2. Absence de dispositions autonomes
Comme l’observe le Conseil d’État, section de législation, dans son avis sur le projet d’arrêté royal, l’arrêté royal du 12 septembre 2011 ne contient pas de dispositions autonomes pour la procédure de dialogue compétitif, mais fait, au contraire, usage de dispositions existantes qui sont rendues applicables au dialogue compétitif, à savoir, d’une part, celles énoncées dans la loi du 15 juin 2006 et dans l’arrêté royal du 15 juillet 2011 relatif à la passation des marchés publics dans les secteurs classiques (ci-après, « arrêté royal du 15 juillet 2011 ») et, d’autre part, celles de la loi du 24 décembre 1993 relative aux marchés publics et à certains marchés de travaux, de fournitures et de services (ci-après, « loi du 24 décembre 1993 »). Ces dispositions sont rendues applicables à la procédure de dialogue compétitif sous une forme adaptée selon les modifications prévues par l’arrêté royal du 12 septembre 2011².
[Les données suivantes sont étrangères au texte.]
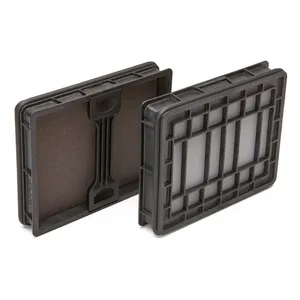 FleetGuard Filter,Df 3804072 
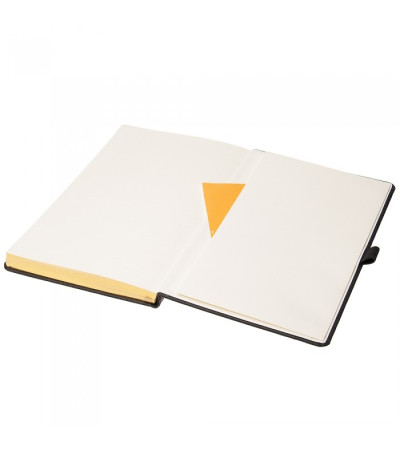 Записная книжка А5 SETTEBELLO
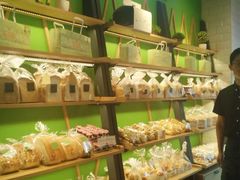 -仟吉KenGee(汇华广场店)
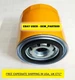Jcb 432 Zx Loader - Transmission Oil Filter (Part No 550/41386)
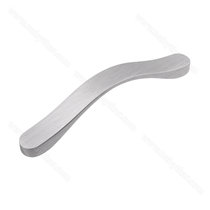 Madlo UU16- inox / Gamet Madlo UU16- inox / Gamet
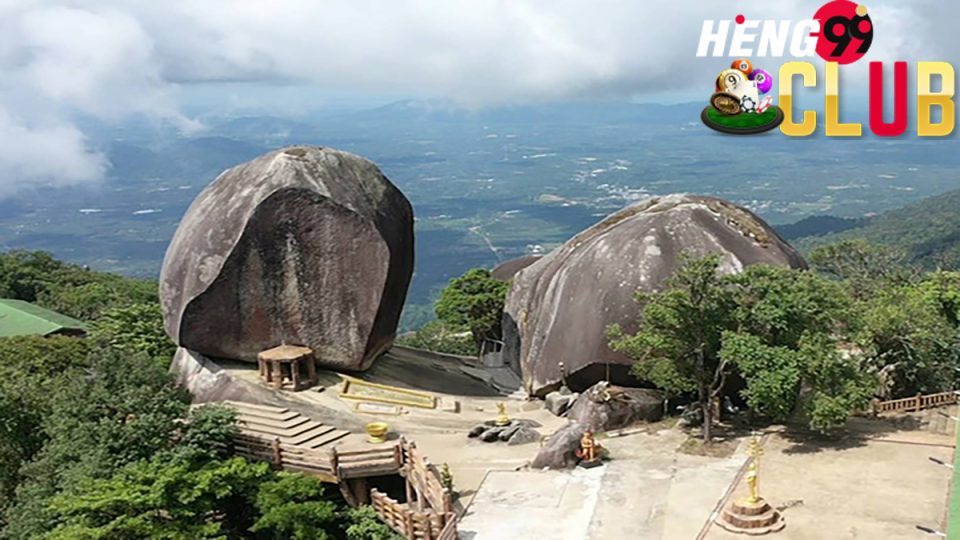 เขาคิชกุฏ คือ -heng99club.com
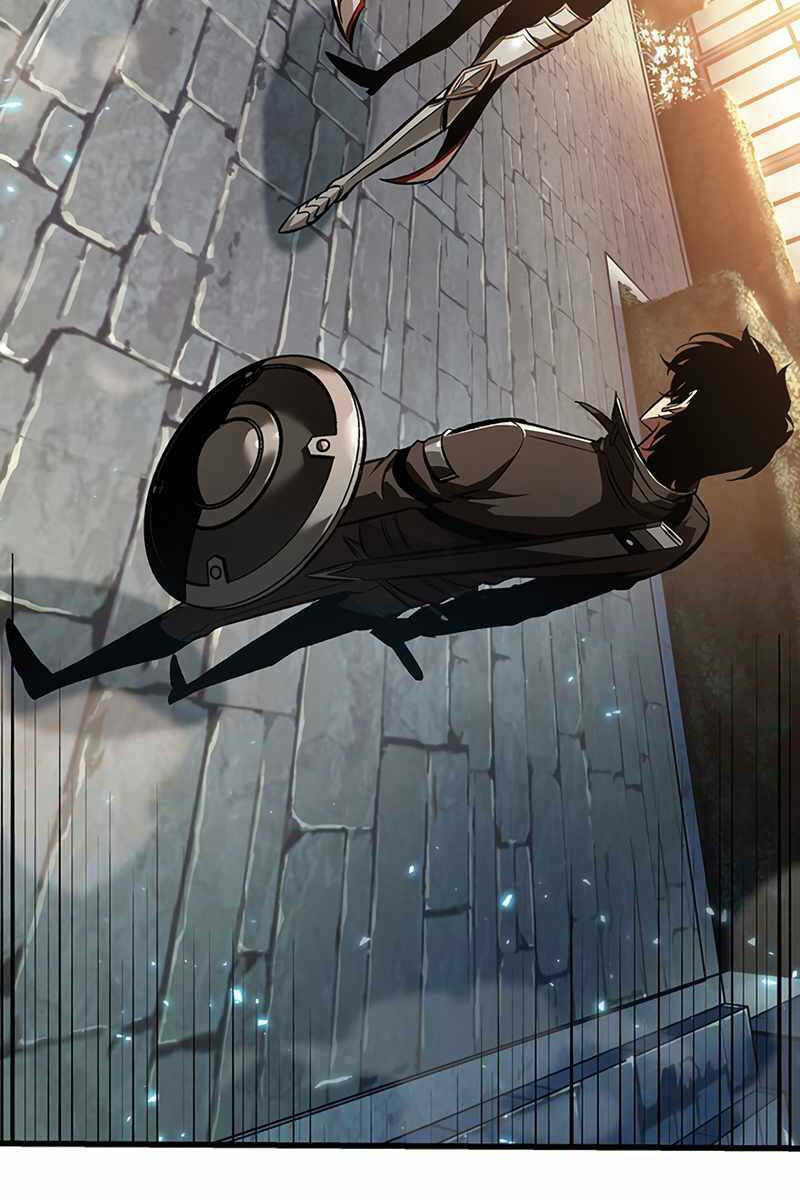 Gacha Vô Hạn Chapter 48 - Trang 2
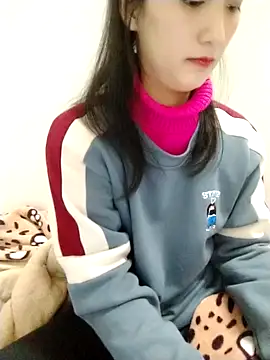 Kembong01 online show from 11-30-25, 07:18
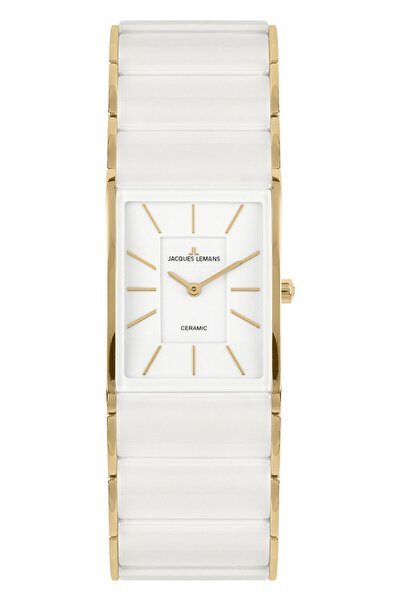 Jacques Lemans Dublin 1-1940E Women's Watch
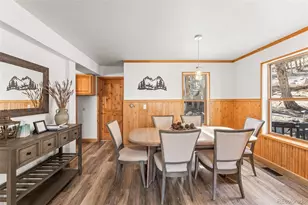 2028 Redhill Rd, Fairplay, CO 80440 - Photo 11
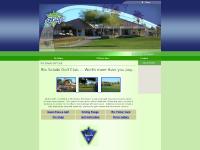 AllGolf | CB Smith Park | Rio Salado Golf Club | Overland Golf Course AllGolf | CB Smith Park | Rio Salado Golf Club | Overland Golf Course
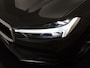 Volvo XC60 B5 AUT(8) MOMENTUM EXCLUSIVE SCHUIFDAK 360GR CAM HEAD-UP DISPLAY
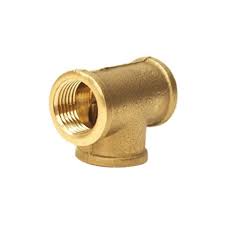 BRONCE - TE - 1 1/2"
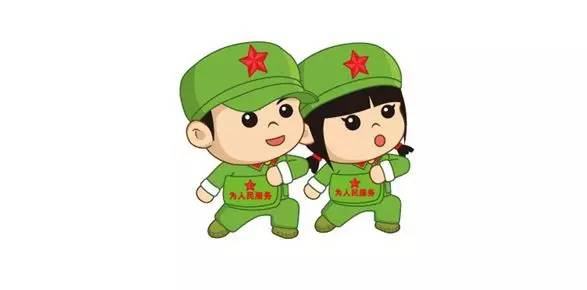 号外!号外!海洋礼物店庆日活动即将开始! 号外!号外!海洋礼物店庆日活动即将开始!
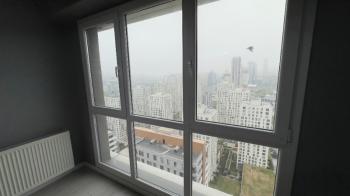 BABACAN PREMIUM - SATILIK 1+1 DAİRE - B BLOK - YÜKSEK KAT MANZARALI 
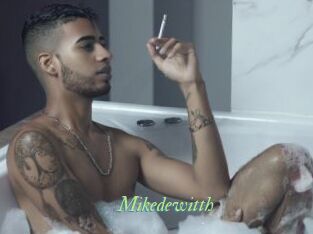 Mikedewitth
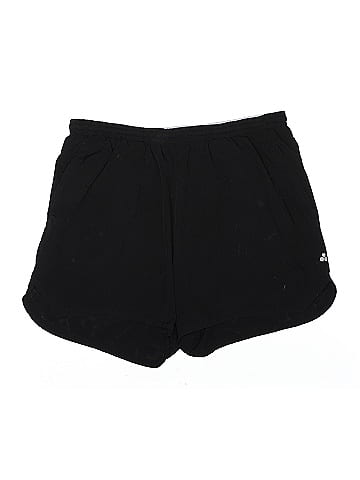 Tek Gear Athletic Shorts (view 1)
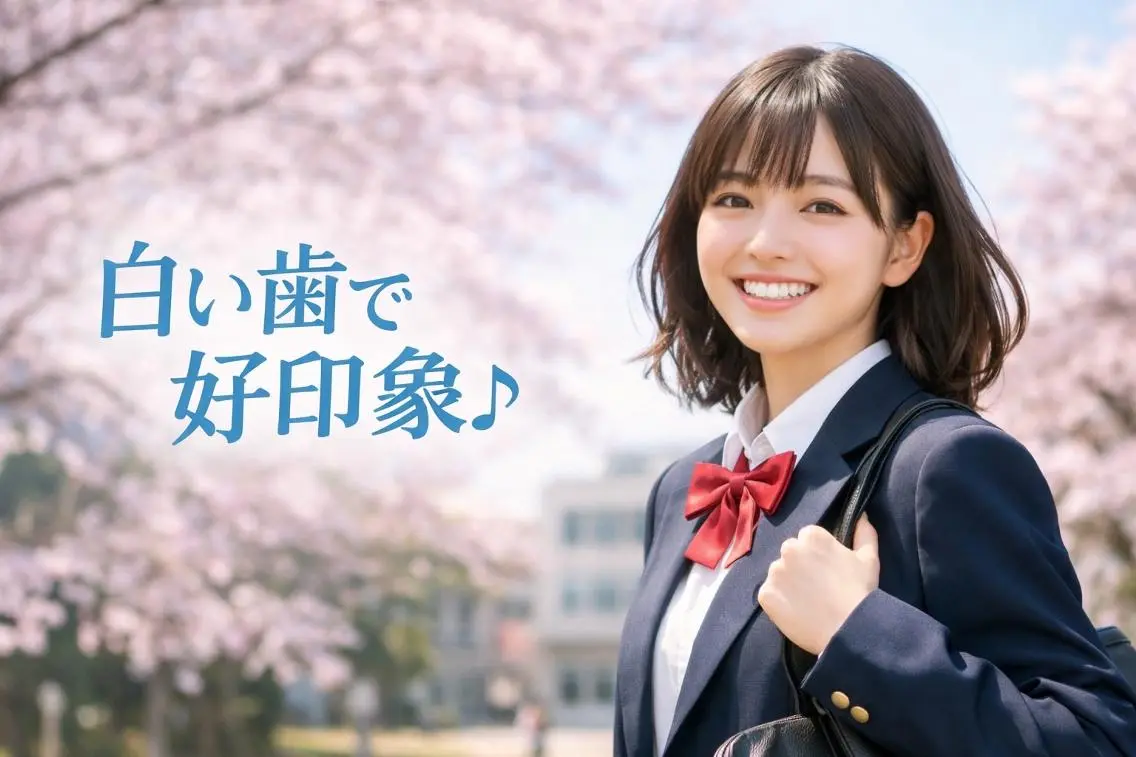 エステ リラク ホワイトニング ショップ船橋2号店のエステ・リラクイメージ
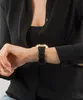 Guess Fusion Damenuhr Guess-GW0553L4 Produktbild-Vorschau 5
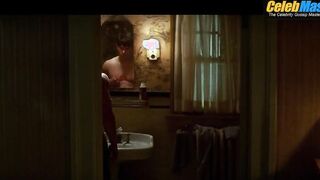 MARK WAHLBERG NUDE/SEXY SCENE IN FEAR
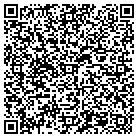 QR code with Comfort Products Distributing contacts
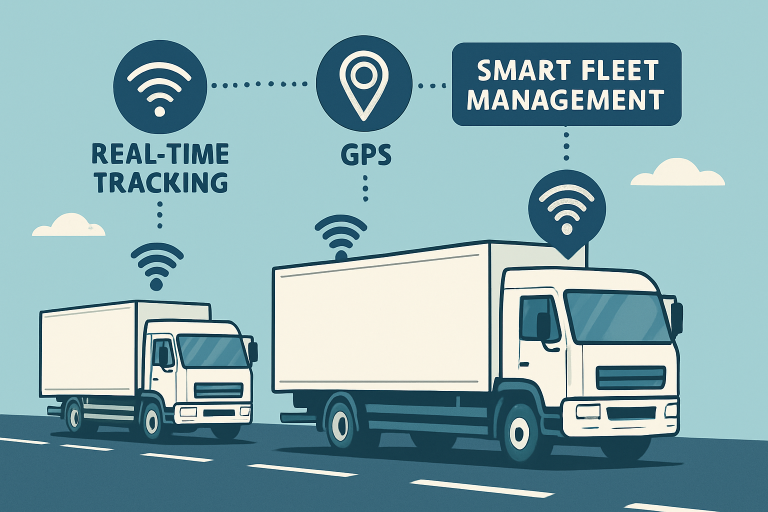 how-long-is-75-feet-visually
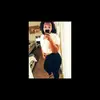 Jade Thorne - @jadethorne - TikTok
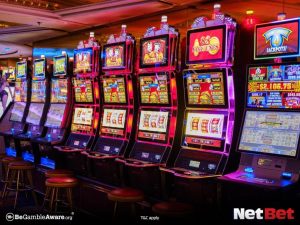 hellopg - Jogos Rápido Bet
3. La fiche explicative de la Commission européenne
Les dispositions adoptées en droit belge organisant la procédure de dialogue compétitif transposent les dispositions pertinentes de la directive européenne 2004/18/CE du Parlement européen et du Conseil du 31 mars 2004 relative à la coordination des procédures de passation des marchés publics de travaux, de fournitures et de services (ci-après, « directive 2004/18/CE »). L’interprétation des dispositions de la directive 2004/18/CE relatives au dialogue compétitif est facilitée par l’adoption, par la Commission européenne, d’une fiche explicative du dialogue compétitif en date du 5 octobre 2005 (ci-après, « fiche explicative »)³.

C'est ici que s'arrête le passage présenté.